Retite Actínica Aguda: Diagnóstico e Manejo Clínico

IDPC/Dante Pazzanese - Instituto de Cardiologia (SP) — Prova 2025

Enunciado

Homem, de 65 anos de idade, procura pronto atendimento por tenesmo e diarreia há três dias. Relata três episódios de enterorragia no primeiro dia dos sintomas. Tem antecedente de neoplasia de próstata, em tratamento com radioterapia iniciado há quatro semanas. Ao exame físico, encontra-se em bom estado geral, descorado 1+/4+, hemodinamicamente estável. O exame abdominal está normal. Os exames laboratoriais revelaram hemoglobina de 10,9 g/dL, sem outras alterações. Foi submetido a retossigmoidoscopia, com identificação de retite actínica aguda em reto médio, sem sinais de sangramento ativo.
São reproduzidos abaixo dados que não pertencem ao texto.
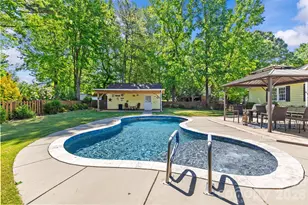 412 Scotland Dr, Kings Mountain, NC 28086 - Photo 34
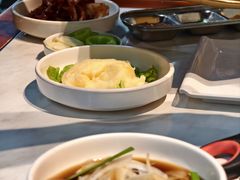 -六七八韩式烤肉·韩国料理(上杭路店)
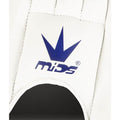 MIDS Blaze Batting Pads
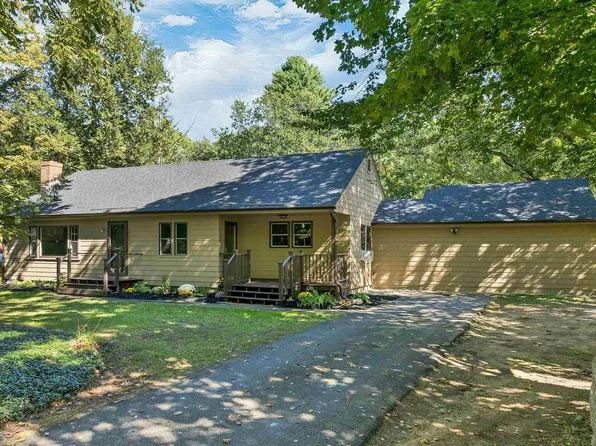 1771 NH Route 140, Gilmanton, NH 03837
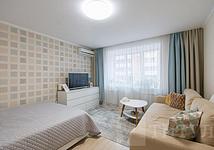 Thumb medium f9d353c2ebdf65f2e855ddabf16d17a6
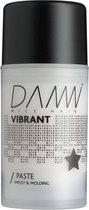 DAMN NICE HAIR DAMN VIBRANT PASTE 50ml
Considerando a principal hipótese diagnóstica para este paciente, o tratamento indicado neste momento é:

Alternativas

  1. A) Suporte clínico.
  2. B) Derivação do trânsito intestinal.
  3. C) Câmara hiperbárica.
  4. D) Coagulação com plasma de argônio.

Pérola Clínica

Retite actínica aguda (durante/logo após RT) → Conduta: Suporte clínico (geralmente autolimitada).

Resumo-Chave

A retite actínica aguda é uma resposta inflamatória imediata à radiação, geralmente autolimitada, diferenciando-se da forma crônica que exige intervenções como argônio.

Contexto Educacional

A retite actínica aguda é uma complicação frequente em pacientes submetidos à radioterapia pélvica para câncer de próstata, colo uterino ou bexiga. Fisiopatologicamente, a radiação ionizante causa morte celular direta nos colonócitos e inflamação da lâmina própria, resultando em edema e ulcerações superficiais da mucosa retal. O diagnóstico é clínico e endoscópico, revelando mucosa friável e eritematosa. É fundamental tranquilizar o paciente, pois a forma aguda raramente evolui com complicações graves e tende a se resolver em poucas semanas após a conclusão das sessões de radioterapia. O tratamento intervencionista, como a coagulação com plasma de argônio, é o padrão-ouro para a retite actínica crônica (onde há telangiectasias), mas não tem papel estabelecido na fase aguda inflamatória.

Perguntas Frequentes

Qual a diferença entre retite actínica aguda e crônica?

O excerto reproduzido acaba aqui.